Ocean Surface Wave Effects on Explosive Cyclone with Atmosphere-Ocean-Wave Coupled Model

An explosive cyclone develops rapidly with ocean surface wave growing. Air-sea interactions controlling surface heat flux and stress are heavily dependent on ocean wave physical process. To investigate the influence of surface wave on atmospheric and oceanic turbulence in their boundary layers under an explosive cyclone condition, sensitivity experiments with the atmosphere-ocean-wave coupled model are implemented on the explosive cyclone emerged in January 2018 above the Northwestern Atlantic.
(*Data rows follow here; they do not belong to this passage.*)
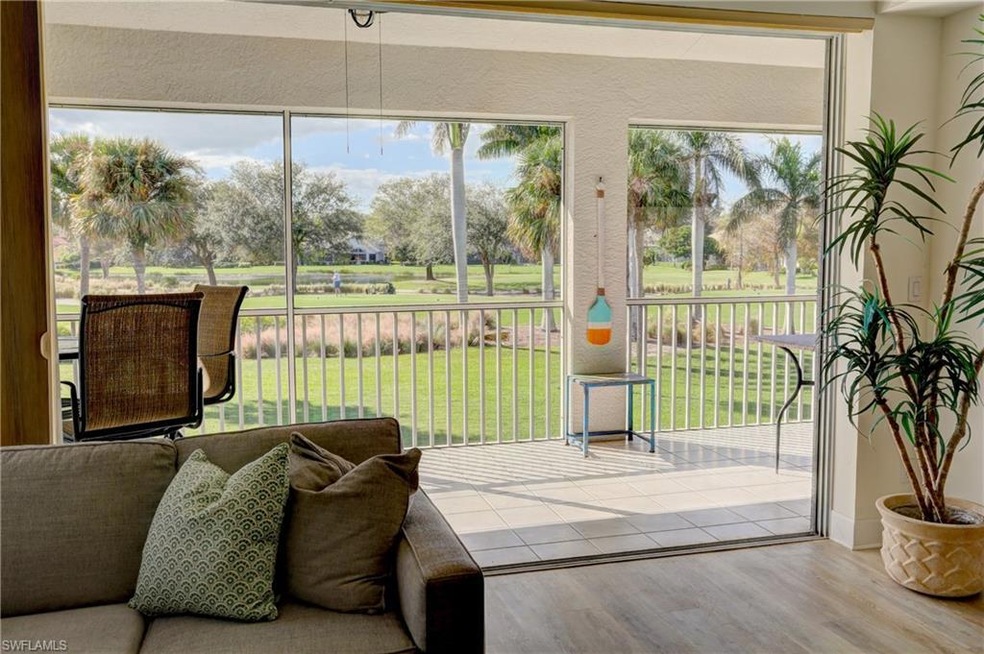 Entryway with hardwood / wood-style flooring and a wealth of natural light
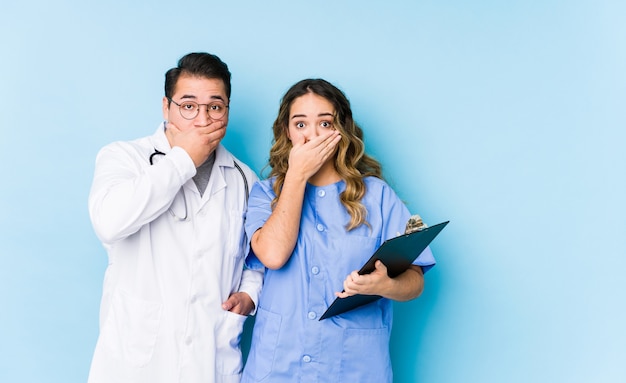 Foto joven médico pareja posando en un fondo azul sorprendido cubriendo la boca con las manos.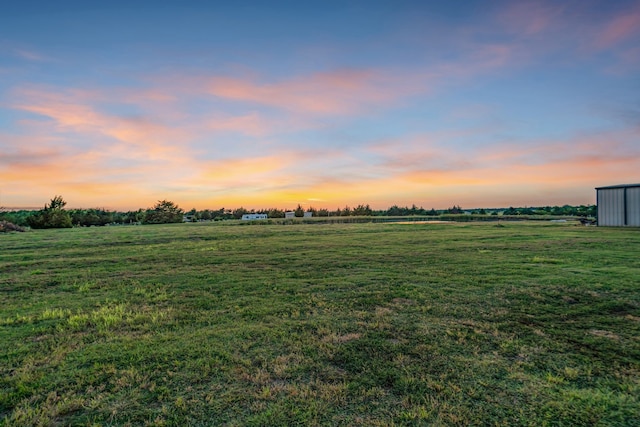 yard at dusk featuring a rural view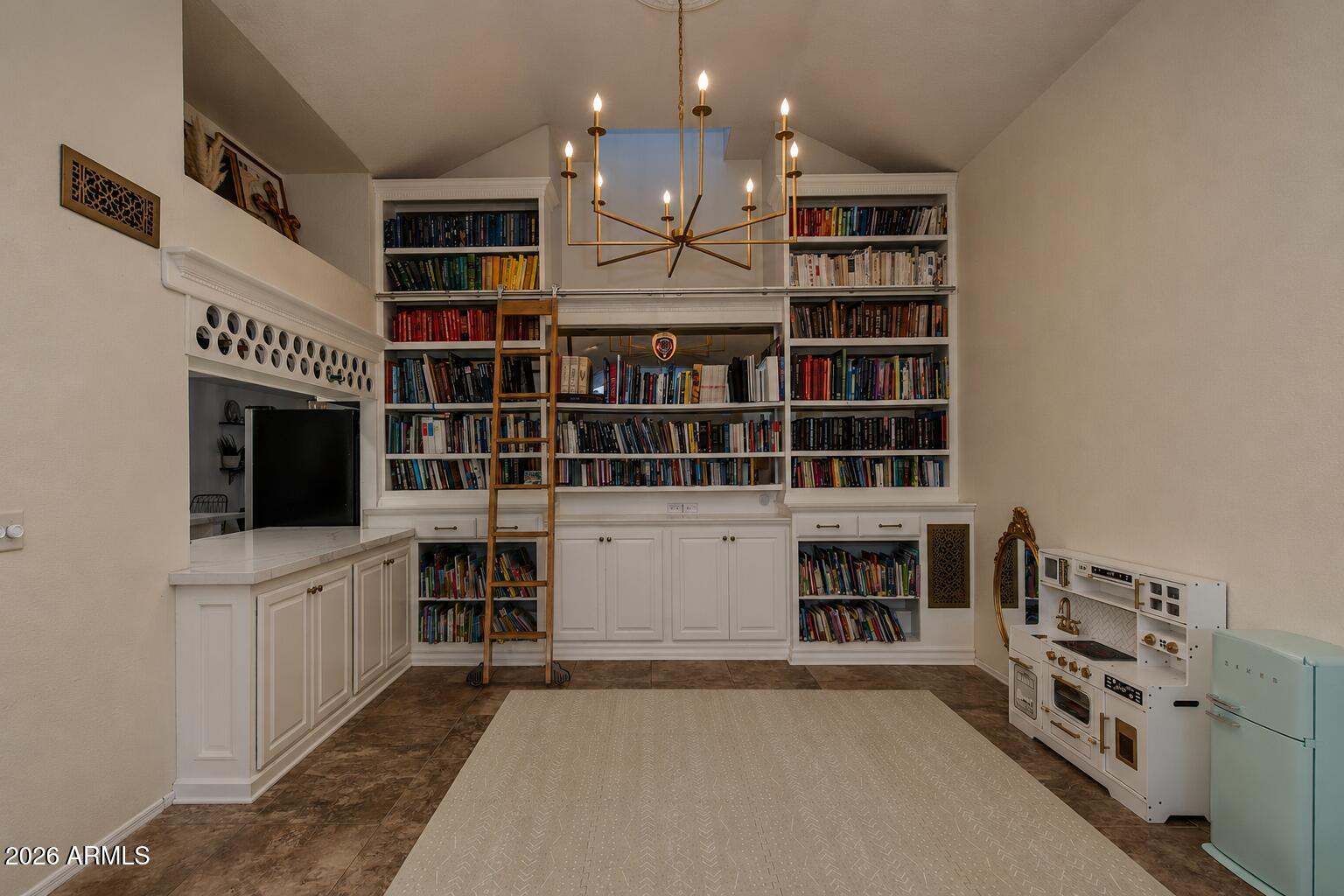 Library with floor-to-ceiling bookcases, a rolling ladder, and a child-sized play kitchen.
For the coupled model, the WRF (Weather Research and Forecasting Model), the CROCO (Coastal and Regional Ocean COmmunity model), and the WAVEWATCH III model are utilized for its components. In order to examine effects derived from surface waves, two model cases are experimented: the AO (WRF-CROCO coupled model) case and the AWO (WRF-WAVEWATCH II-CROCO) case. At the highest deepening phase, the explosive cyclone in the AO case develops up to 949.7hPa in its minimal sea level pressure, while the counterpart in the AWO case is higher by 2.1hPa. When the wave model is coupled the surface roughness and surface stress amplified by a few percents, hence the surface wind speed slightly decreased. Due to the increase of the surface stress, the intensity of the inertial oscillation of ocean current invoked by the cyclone is enhanced up to 20%. It generates stronger vertical velocity shear in the mixed layer, resulting in deeper mixed layer depth and cooler sea surface temperature. Though the process of ocean surface wave shows slight significance to change the development of the explosive cyclone, it takes much influence on turbulence in the atmospheric and oceanic boundary layer.